Stored items

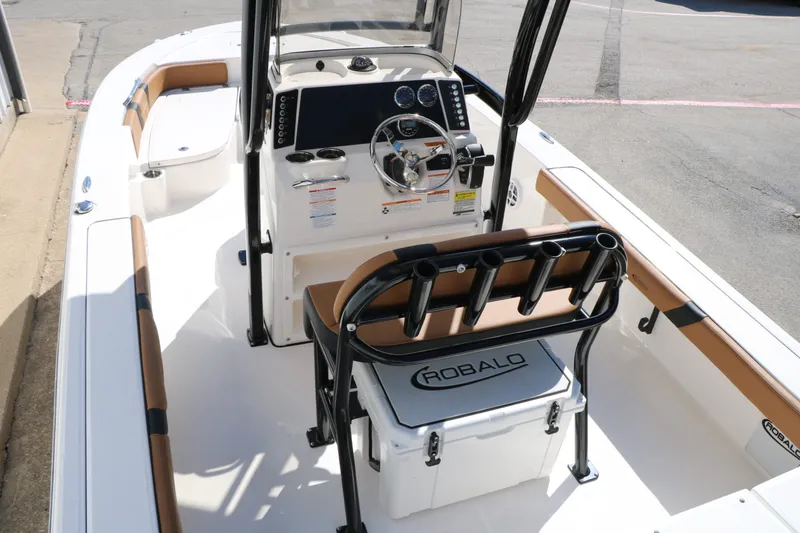 Slide: The Image of Robalo 226 Cayman 2024 - 15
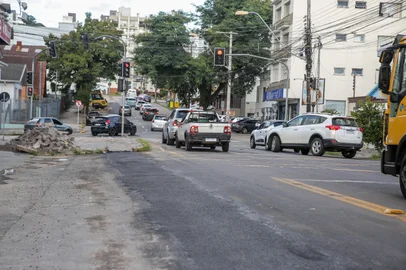 CAXIAS DO SUL, RS, BRASIL, 18/03/2024. Coletiva de imprensa sobre projeto de lei das ruas de Caxias. Avenida Rossetti (Neimar De Cesero/Agência RBS)<!-- NICAID(15709003) -->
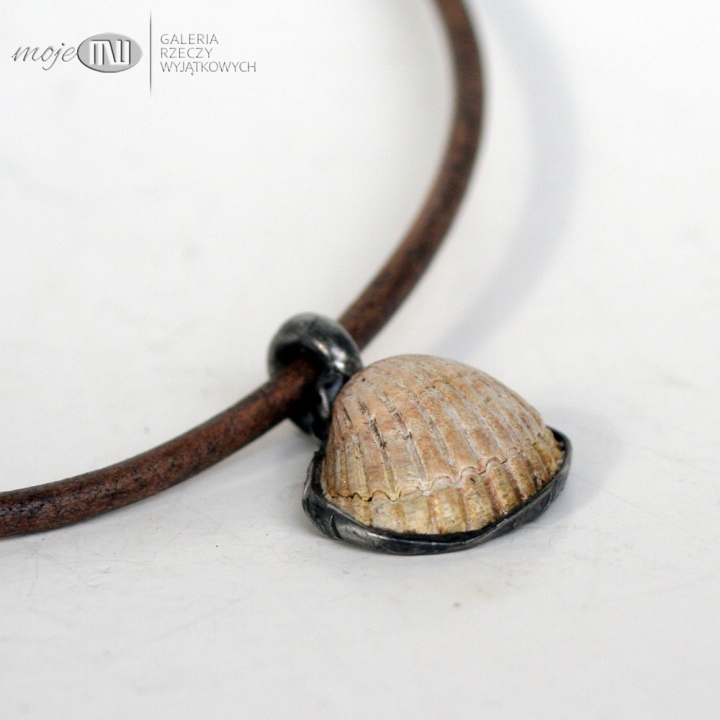 baltycka-muszelka-wisiorek-z-muszelka-na-szyje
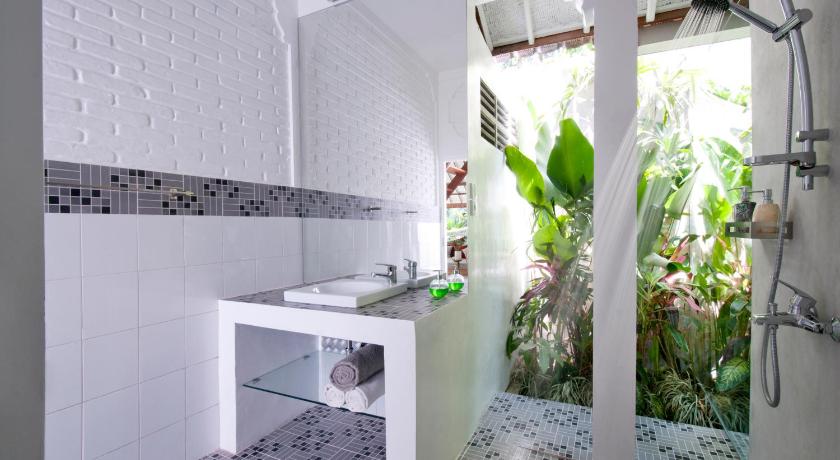 3BR Villa Hari - Minggu Villas Seminyak photo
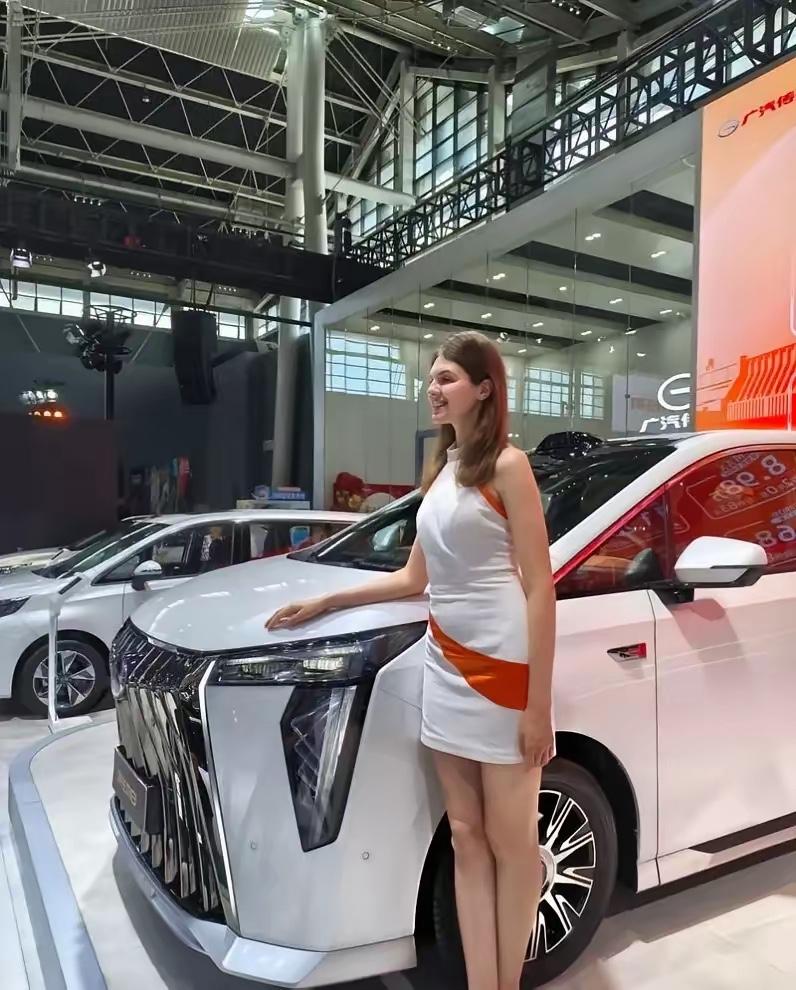 一觉醒来豪华MPV车市杀红了眼！丰田赛那没想到，别克GL8震惊了，就连很多准备今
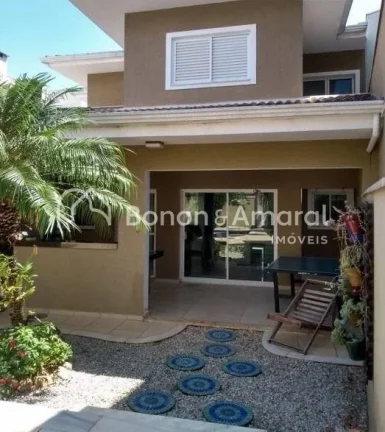 Imagem Linda casa à venda em condomínio fechado em Valinhos/SP.

Casa muito espaçosa com 260m² de área...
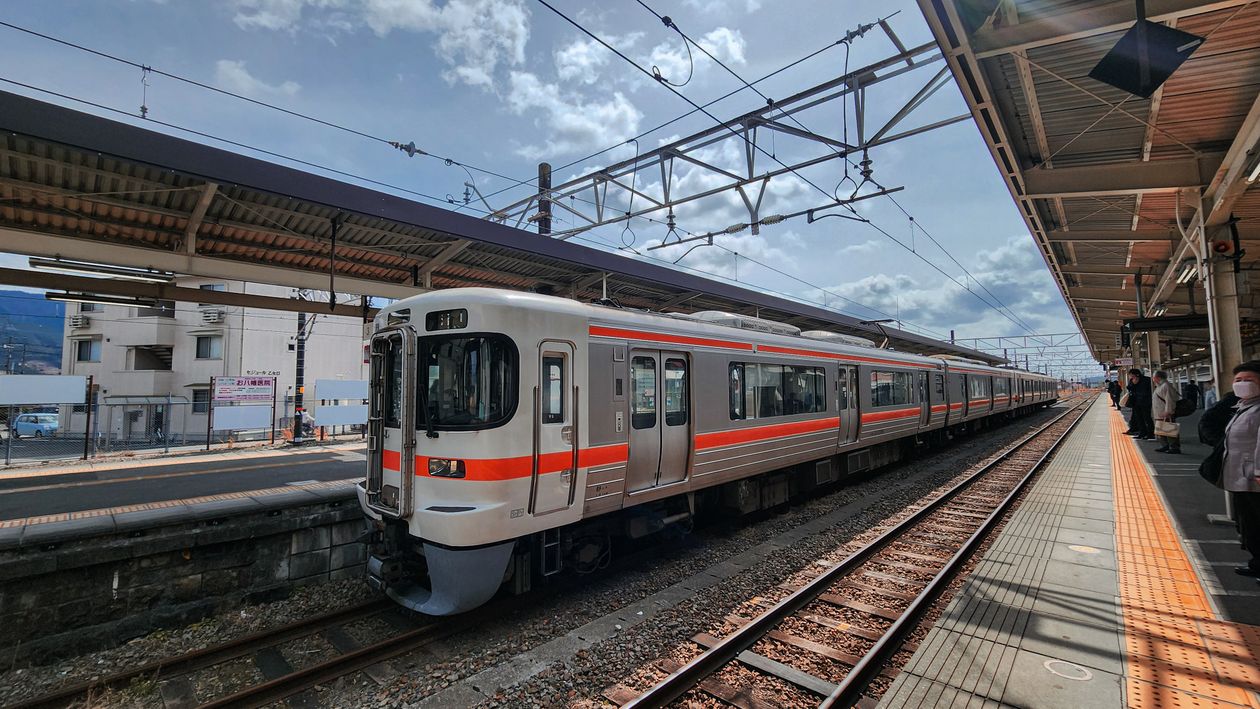 Modern Train at Japanese Railway Station · Free Stock Photo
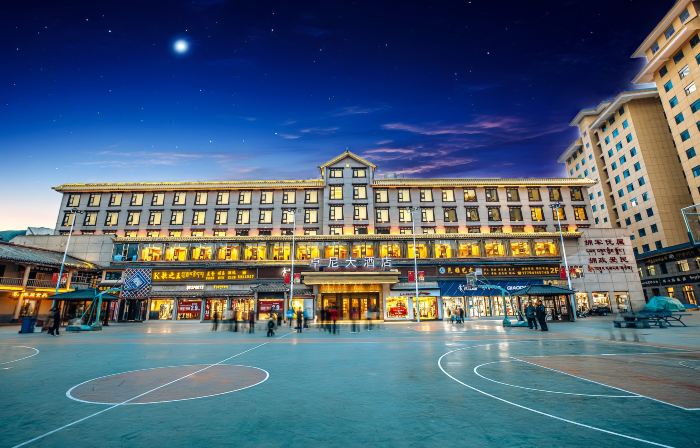 Zhuoni Hotel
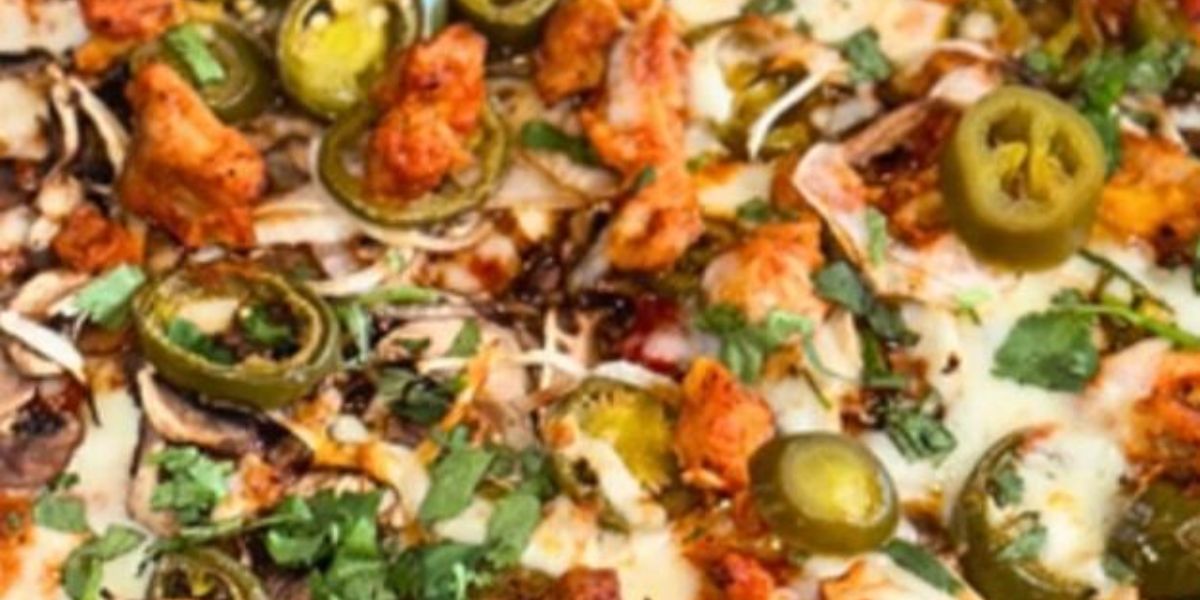 Don't Comprpmise With Taste! California’s Mountain Mike’s Pizza Adds Tikka Masala Pizza to the Menu (1)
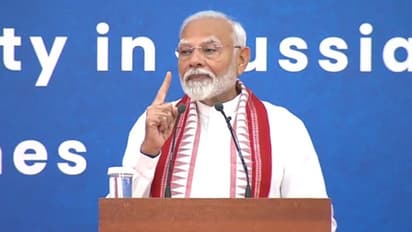 'Modi hai toh mumkin hai, Bharat Mata Ki Jai': Indian diaspora chant during PM Modi's Moscow address (WATCH)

• What is needed:
Each line of the data above should be reproduced without alteration, and no picture should appear in the copy.

• Answer area:
 Slide: The Image of Robalo 226 Cayman 2024 - 15
 CAXIAS DO SUL, RS, BRASIL, 18/03/2024. Coletiva de imprensa sobre projeto de lei das ruas de Caxias. Avenida Rossetti (Neimar De Cesero/Agência RBS)<!-- NICAID(15709003) -->
 baltycka-muszelka-wisiorek-z-muszelka-na-szyje
 3BR Villa Hari - Minggu Villas Seminyak photo
 一觉醒来豪华MPV车市杀红了眼！丰田赛那没想到，别克GL8震惊了，就连很多准备今
 Imagem Linda casa à venda em condomínio fechado em Valinhos/SP.

Casa muito espaçosa com 260m² de área...
 Modern Train at Japanese Railway Station · Free Stock Photo
 Zhuoni Hotel
 Don't Comprpmise With Taste! California’s Mountain Mike’s Pizza Adds Tikka Masala Pizza to the Menu (1)
 'Modi hai toh mumkin hai, Bharat Mata Ki Jai': Indian diaspora chant during PM Modi's Moscow address (WATCH)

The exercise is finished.